## WHAT THE TASK REQUIRES
For this exercise, write out only the lines of the entries below from the one with "Fantastic Quality French" up to and including the one with "Komilfo Top Nail", exactly as they are. Pictures stay out.

## EXCERPTED RECORDS
◇ ◇ ◇ ◇ ◇
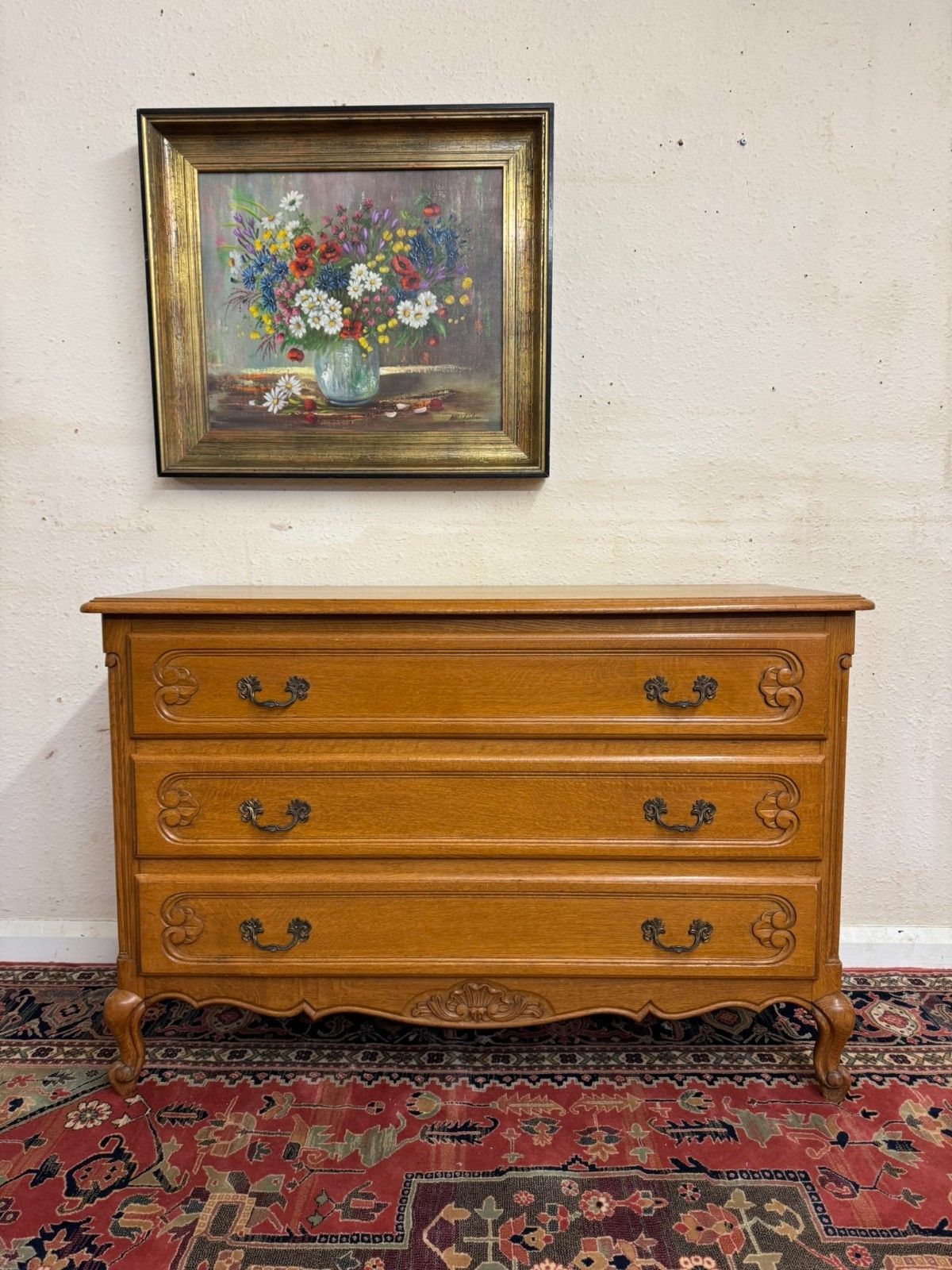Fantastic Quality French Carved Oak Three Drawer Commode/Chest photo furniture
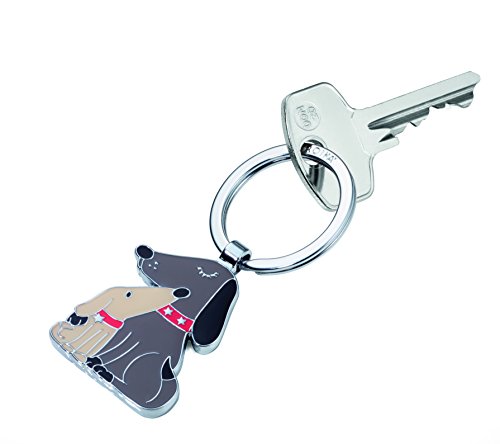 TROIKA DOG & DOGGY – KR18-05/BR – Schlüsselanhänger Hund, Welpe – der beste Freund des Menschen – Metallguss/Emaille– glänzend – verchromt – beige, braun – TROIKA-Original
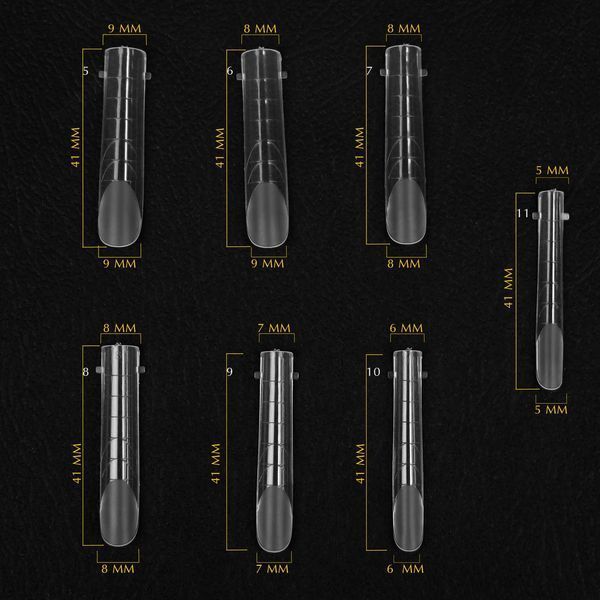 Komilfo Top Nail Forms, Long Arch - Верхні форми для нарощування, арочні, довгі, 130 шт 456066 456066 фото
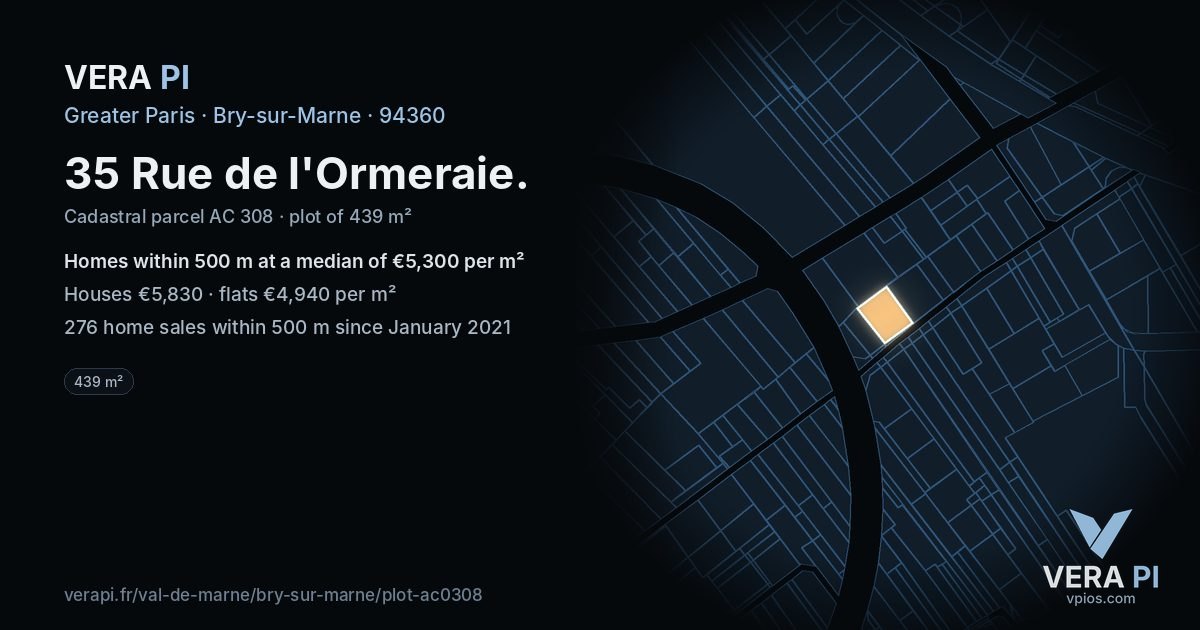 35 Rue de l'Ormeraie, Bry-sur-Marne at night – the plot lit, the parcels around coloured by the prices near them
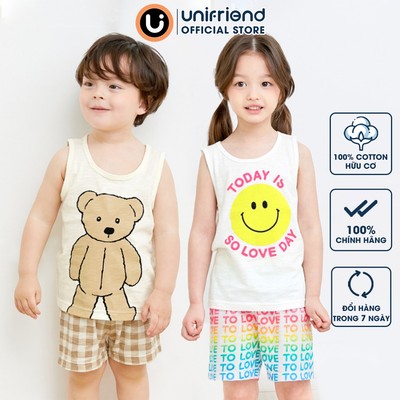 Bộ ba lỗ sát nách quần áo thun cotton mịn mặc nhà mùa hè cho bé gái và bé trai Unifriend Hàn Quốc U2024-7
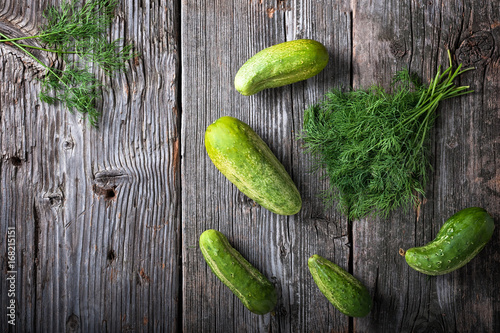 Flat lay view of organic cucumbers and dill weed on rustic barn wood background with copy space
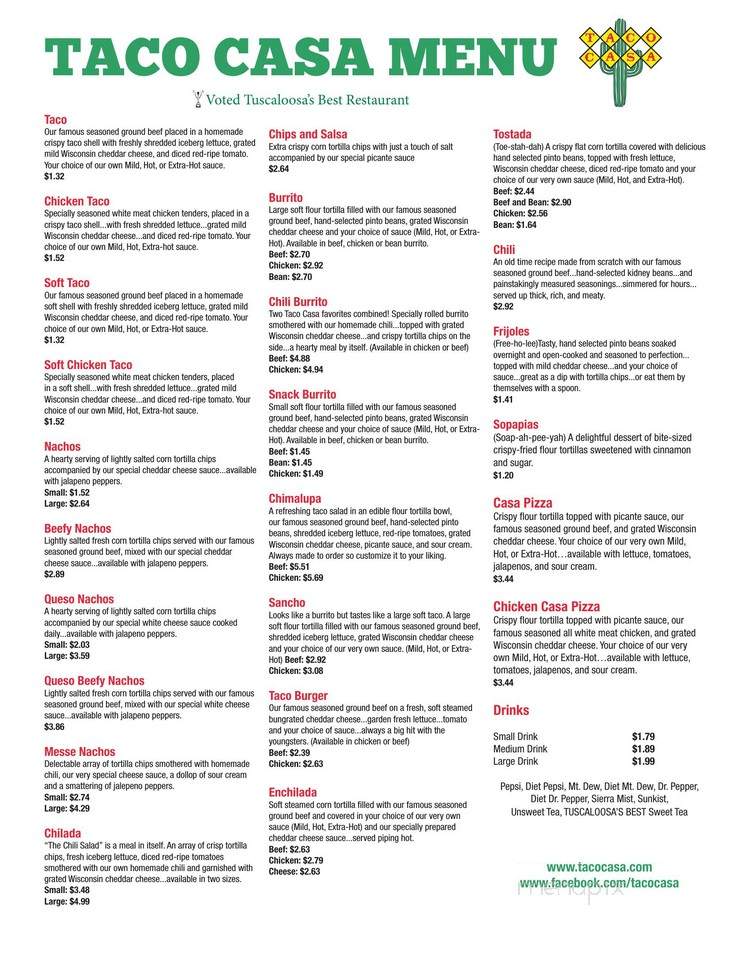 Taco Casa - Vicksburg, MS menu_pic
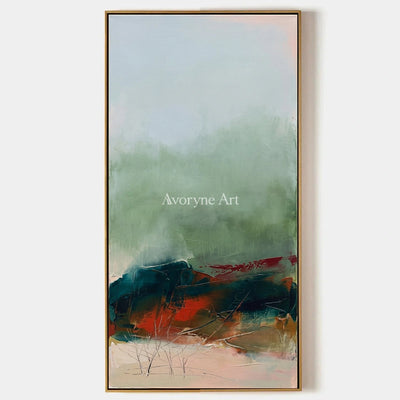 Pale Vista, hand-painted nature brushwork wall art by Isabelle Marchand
◇ ◇ ◇ ◇ ◇
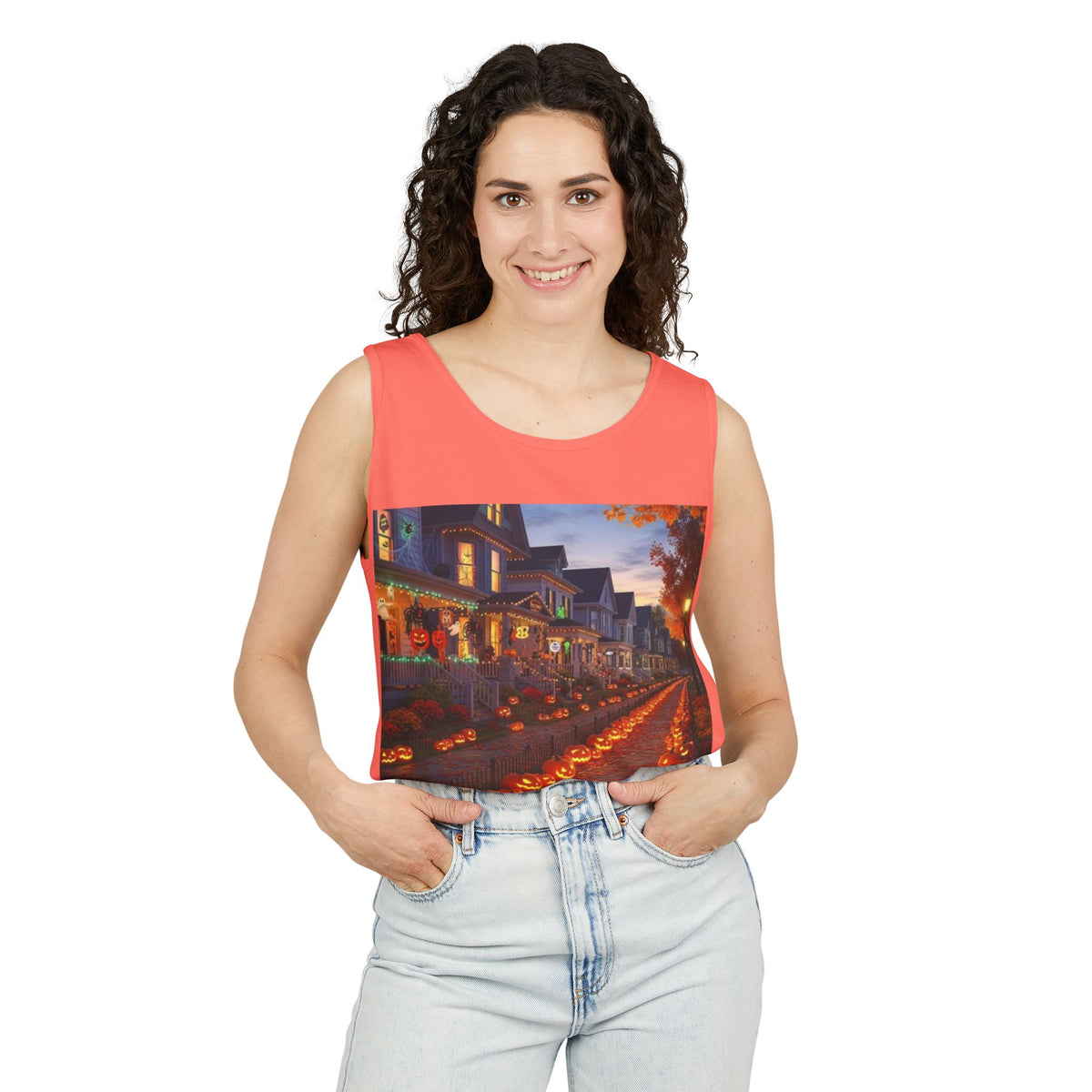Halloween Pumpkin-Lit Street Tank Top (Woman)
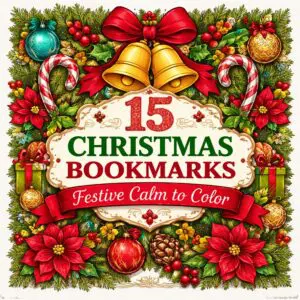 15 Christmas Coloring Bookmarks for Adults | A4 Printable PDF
◇ ◇ ◇ ◇ ◇
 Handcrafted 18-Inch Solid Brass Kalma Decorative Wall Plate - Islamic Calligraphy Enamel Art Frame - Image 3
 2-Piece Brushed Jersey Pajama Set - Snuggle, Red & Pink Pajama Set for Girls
◇ ◇ ◇ ◇ ◇
## ANSWER TO THIS PROBLEM
Fantastic Quality French Carved Oak Three Drawer Commode/Chest photo furniture
 TROIKA DOG & DOGGY – KR18-05/BR – Schlüsselanhänger Hund, Welpe – der beste Freund des Menschen – Metallguss/Emaille– glänzend – verchromt – beige, braun – TROIKA-Original
 Komilfo Top Nail Forms, Long Arch - Верхні форми для нарощування, арочні, довгі, 130 шт 456066 456066 фото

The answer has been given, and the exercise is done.